The Computer Emergency Response Team of India (CERT-In) is an agency that deals with issues of cyber-security threats, phishing and hacking. It is a nodal defence of the country related to Internet Security concerns.
CERT-In has recently been reported of a new ransomware and it is alerting companies in India to be aware of the new cybersecurity threat. The ransomware is called Egregor and according to the Computer Emergency Research Team experts, this ransomware is designed to sweep into the organisation’s Information Technology system and steal all private information. Furthermore, the virus runs a malware in the organisation’s system which encrypts all sensitive data, then threatens to release the company’s sensitive corporate information as a mass-media release if the ransom amount is not paid within the stipulated time.
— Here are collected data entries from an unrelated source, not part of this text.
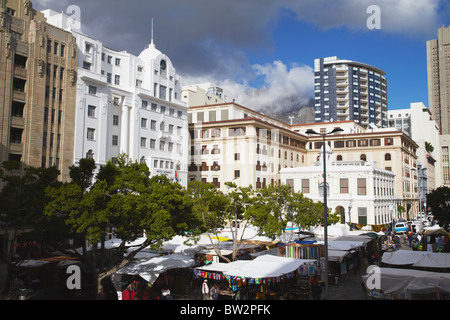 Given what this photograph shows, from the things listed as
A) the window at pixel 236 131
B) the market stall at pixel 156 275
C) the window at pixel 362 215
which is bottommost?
the market stall at pixel 156 275

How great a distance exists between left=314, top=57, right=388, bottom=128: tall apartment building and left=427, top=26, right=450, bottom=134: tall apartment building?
55.6m

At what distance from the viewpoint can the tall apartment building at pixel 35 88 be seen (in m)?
42.8

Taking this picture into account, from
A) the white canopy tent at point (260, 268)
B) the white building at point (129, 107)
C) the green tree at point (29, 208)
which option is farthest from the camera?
the white building at point (129, 107)

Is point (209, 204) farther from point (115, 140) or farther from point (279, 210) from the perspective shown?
point (115, 140)

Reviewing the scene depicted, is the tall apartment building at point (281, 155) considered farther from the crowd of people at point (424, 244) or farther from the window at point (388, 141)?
the crowd of people at point (424, 244)

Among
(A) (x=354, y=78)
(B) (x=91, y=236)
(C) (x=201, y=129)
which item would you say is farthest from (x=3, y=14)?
(A) (x=354, y=78)

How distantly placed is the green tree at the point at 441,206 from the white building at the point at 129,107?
119ft

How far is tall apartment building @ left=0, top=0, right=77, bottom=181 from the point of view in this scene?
140ft

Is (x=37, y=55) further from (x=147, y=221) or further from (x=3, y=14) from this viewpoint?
(x=147, y=221)

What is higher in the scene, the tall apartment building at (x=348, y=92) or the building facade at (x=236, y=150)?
the tall apartment building at (x=348, y=92)

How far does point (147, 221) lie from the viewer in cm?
2141

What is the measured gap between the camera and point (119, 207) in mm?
20812

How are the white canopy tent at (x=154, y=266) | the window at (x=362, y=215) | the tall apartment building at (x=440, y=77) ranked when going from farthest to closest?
the tall apartment building at (x=440, y=77)
the window at (x=362, y=215)
the white canopy tent at (x=154, y=266)

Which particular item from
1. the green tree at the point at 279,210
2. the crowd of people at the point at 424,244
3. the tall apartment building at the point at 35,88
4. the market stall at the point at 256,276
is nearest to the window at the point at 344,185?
the crowd of people at the point at 424,244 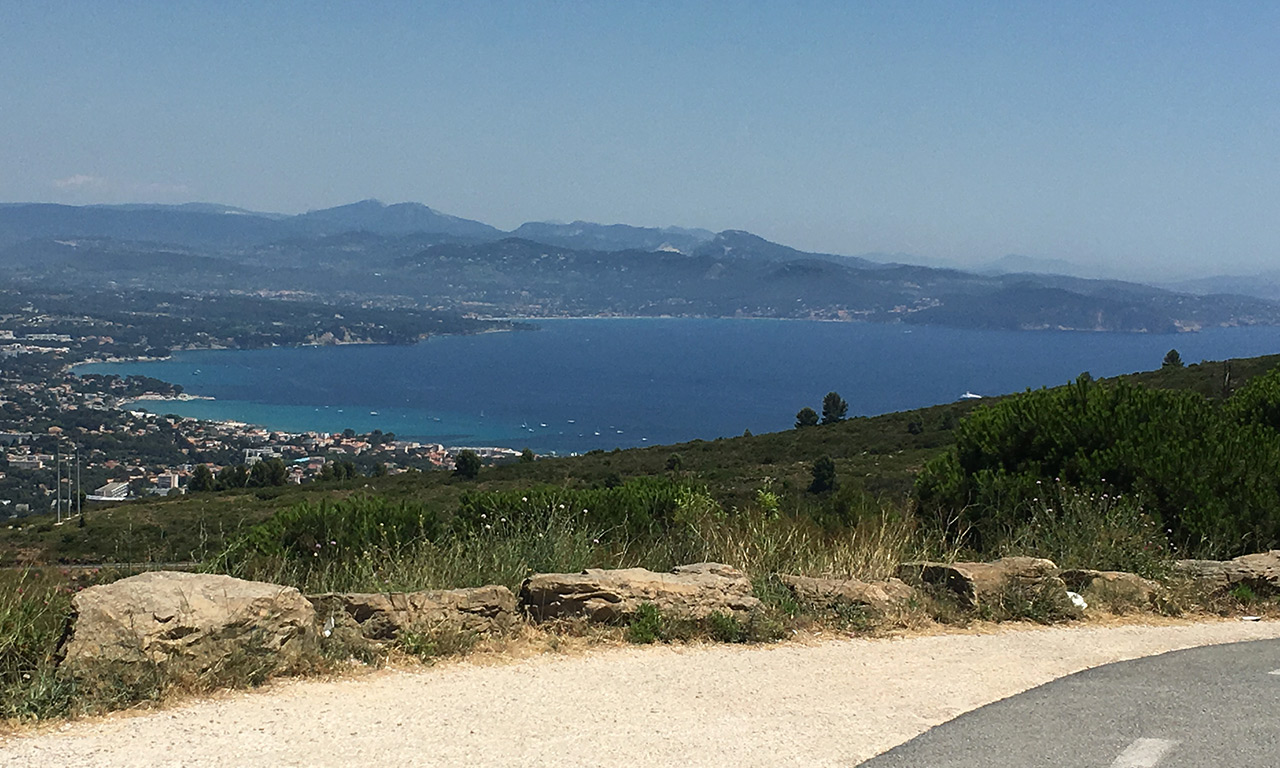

Analysts from CERT-In suggest that the mode of infiltration and the functional mechanism is still under observation, but the virus uses a double extortion tactic which is usually known to be found in NetWalker ransomware. It is very much possible that Egregor may be infiltrating into the computer system via Spam emails and email attachments. There could be random links on sent to the organisation via email or mobile SMS or through any other means.
This ransomware has been developed very smartly because it is revealed that it uses various types of anti-analysis techniques, packed payloads and code obfuscation. This means that malicious coding sits itself in the memory of the system as a technique to avoid malware detection by security and privacy tools.
CERT-In has also revealed some other operations of the ransomware if it enters in an organisation’s IT system. Egregor will not initiate its functionalities when the computer system is running a security analysis program to detect any ransomware until the exact same command has been given that the attackers used to initiate the malicious software. This intelligent operation makes it extremely difficult for the IT analysts to analyse Egregor samples manually or in a made-up environment.
A technical operation that it undergoes is to append random characters from encrypted files, create a brand new extension and name it as “RECOVER_FILES.txt” text on all files and folders that have been previously encrypted, warned CERT-In.
What is the solution?
Well, The Computer Emergency Response Team of India is warning as many organisations as possible that could be a victim to this new ransomware. It is advising these organisations to adhere to the standard protocols and safeguards against ransomware which include Conformance, Reporting, Sender Policy Framework (SPF), DomainKeys Identified Mail, Domain Message Authentication etc.
CERT-In being the Cyber Police of India is searching for the origin of the Egregor ransomware and coming up with new safety protocols to protect the organisation’s private and sensitive corporate information.